We needed lunch to get into that, beginning with an aperitivo of organic bread, local artisan salami and parmesan cheese…
…paired first with Giulio’s Dinavolino Vino Bianco 2015 , a skin contact wine from a mix of native white varieties: 25% Malavasia di Candia Aromatica, 25% Marsanne, 25% Ortugo, 25% yet-unknown varietal. Giulio ferments the grapes in stainless steel in the La Stoppa cellar, but the grapes are grown a few kilometers away in very different terroir: sandy limestone soil at 300-450 meters with cooler temperatures than La Stoppa. It was fresh, dry and light (12% alcohol) but with complexity and a nice touch of aromaticity, perfect before the meal.

The 2015 (no label) had just been bottled and had barely gotten over its “angry” reaction to that process. The 2014 had settled itself nicely. Coming from a more cool, rainy vintage, it was more restrained and lighter (11.5%) but still delicate, aromatic, complex and wonderfully fresh.

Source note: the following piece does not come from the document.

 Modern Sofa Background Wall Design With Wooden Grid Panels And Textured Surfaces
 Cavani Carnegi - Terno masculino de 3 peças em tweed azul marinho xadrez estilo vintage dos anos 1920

With the tortelloni, we delved into La Stoppa wines. Elena pointed out that the Valley of the Trebbia has clay/limestone soil and hot, dry, sunny weather, almost like southern Italy. It produces wines with long aging capacity with the most famous and historic pairing being Bonarda/Barbera.
La Stoppa makes Trebbiolo (both still and sparkling), a version of the pairing meant to be drunk young even lightly chilled (an ideal summer red). But La Stoppa’s flagship for Bonarda/Barbera is La Stoppa La Macchiona Emilia IGT. Elena brought out a 2005: rich and complex but not heavy (13.5% alcohol) with lots of fresh acidity. It is what Italians call un grande vino, a great wine because of its elegance and aging capacity (and after 11 years, it wasn’t showing any signs of flagging). It comes from grapes grown on 60-year old vines, fermented in stainless steel with a 30-day maceration and aged for a year in large oak barrels and at least two years in the bottle.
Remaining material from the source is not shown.